Fuarda sergilenen tüm otomobillerin geçen yıl lanse edilen ürünler olduğunu hatırlatan Genel Müdür Aybar, bu otomobillerin geldiği son teknolojik nokta ve ortaya koydukları yeni dizaynın yaşanan değişimin en önemli temsilcisi olduğunu bildirdi. “Değişim olmazsa hayat gelişmez” diyen Aybar, ancak burada önemli olanın ihtiyaçların belirlendiği ve insanlığın yeni arayışlar içerisinde olduğu anda, değişimin öncüsü olmak olduğunu vurguladı.
“Değişimi sosyal projelerle destekliyoruz”

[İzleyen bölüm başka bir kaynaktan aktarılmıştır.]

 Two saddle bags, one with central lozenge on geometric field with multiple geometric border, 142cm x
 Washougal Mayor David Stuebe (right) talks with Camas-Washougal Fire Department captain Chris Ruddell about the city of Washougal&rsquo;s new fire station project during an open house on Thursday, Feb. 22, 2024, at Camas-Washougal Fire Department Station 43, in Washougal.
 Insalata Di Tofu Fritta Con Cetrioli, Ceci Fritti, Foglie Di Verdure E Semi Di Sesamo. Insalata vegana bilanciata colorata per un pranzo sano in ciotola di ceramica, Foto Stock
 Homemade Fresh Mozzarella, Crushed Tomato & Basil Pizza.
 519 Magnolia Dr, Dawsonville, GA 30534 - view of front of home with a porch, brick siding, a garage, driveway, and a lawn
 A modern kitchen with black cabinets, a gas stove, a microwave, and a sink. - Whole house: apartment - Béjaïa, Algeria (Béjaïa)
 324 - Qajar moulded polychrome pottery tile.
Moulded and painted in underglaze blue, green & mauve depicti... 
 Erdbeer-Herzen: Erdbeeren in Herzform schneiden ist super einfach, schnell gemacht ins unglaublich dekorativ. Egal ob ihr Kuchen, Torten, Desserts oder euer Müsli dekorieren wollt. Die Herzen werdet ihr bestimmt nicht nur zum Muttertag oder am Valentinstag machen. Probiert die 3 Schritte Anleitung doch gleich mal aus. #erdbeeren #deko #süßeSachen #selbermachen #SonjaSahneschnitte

“İşte bu anlamda Renault bu büyük değişimin arkasından yepyeni değişimleri gündeme getirmiştir” diyen İbrahim Aybar, “Megan Hartchback ve Coupe ile başlayan değişim, Laguna Coupe, arkasından Fluence, Grand Scenic, Megan Sport Tourer ve bir süre önce lanse ettiğimiz Koleos ile birlikte ürün çeşidimiz büyük bir zenginliğe kavuştu.

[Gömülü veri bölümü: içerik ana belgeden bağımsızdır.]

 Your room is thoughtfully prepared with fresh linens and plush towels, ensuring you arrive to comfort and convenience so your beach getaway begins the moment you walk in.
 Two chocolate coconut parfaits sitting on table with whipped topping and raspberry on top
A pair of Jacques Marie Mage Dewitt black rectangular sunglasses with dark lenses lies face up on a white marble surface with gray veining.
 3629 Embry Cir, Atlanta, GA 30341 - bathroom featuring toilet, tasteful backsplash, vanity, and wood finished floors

Biz bu değişimi geçen yıl başlatırken ayrıca hiçbir zaman unutmadığımız sosyal sorumluluk projelerimizi de yine Türkiye genelinde dalga dalga yaymaya devam ettik.
İlkokul ikinci sınıf öğrencilerine yönelik Milli Eğitim Bakanlığı ile ortaklaşa yürüttüğümüz “Sokakta İlk Adımlar” başlıklı eğitim projemiz devam etmektedir. Bu proje ile 8 yıl boyunca toplam 40 ilde 500 bin ilkokul 2. sınıf öğrencisine ulaştık. Yani çocuklarımıza trafikte, yollarda nasıl güvenli ve emniyetli seyir içerisinde bulunabileceklerini daha bu yaşta aşılıyoruz.

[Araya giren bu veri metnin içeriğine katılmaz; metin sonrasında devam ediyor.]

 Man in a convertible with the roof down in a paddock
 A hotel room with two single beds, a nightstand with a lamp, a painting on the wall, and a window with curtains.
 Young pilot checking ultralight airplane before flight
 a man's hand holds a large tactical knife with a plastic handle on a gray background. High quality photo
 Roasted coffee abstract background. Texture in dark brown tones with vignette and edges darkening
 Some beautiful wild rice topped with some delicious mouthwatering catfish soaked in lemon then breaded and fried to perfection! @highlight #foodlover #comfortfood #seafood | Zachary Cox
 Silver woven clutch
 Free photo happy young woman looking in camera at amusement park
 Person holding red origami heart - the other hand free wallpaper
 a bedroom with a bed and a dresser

“Değişimin öncüsü eco 2 projesi”
Bununla da yetinmiyor, yine Milli Eğitim Bakanlığı desteği ile tüm sürücü ehliyeti alacak olan sürücü adaylarına, sürücü kurslarında güvenli sürüş teknikleri eğitimi verdiriyoruz. Bununla da kalmadan Türkiye’nin ilk otomobil sporları eğitim merkezi ile birlikte on binlerce Renault sahibi müşterimize güvenli sürüş teknikleri eğitimi veriyoruz. Sadece geçen yıl 7 bin müşterimiz bu eğitimlerden yararlandı. Tabi bu çalışmaların ardı arkası kesilmeyecek, daha yeni projelerimizde var ancak son günlerde duyurduğumuz büyük değişimin öncüsü olarak dünya ve Türkiye gündemine taşıdığımız; eco2 Projesi ile sürmektedir” diye konuştu.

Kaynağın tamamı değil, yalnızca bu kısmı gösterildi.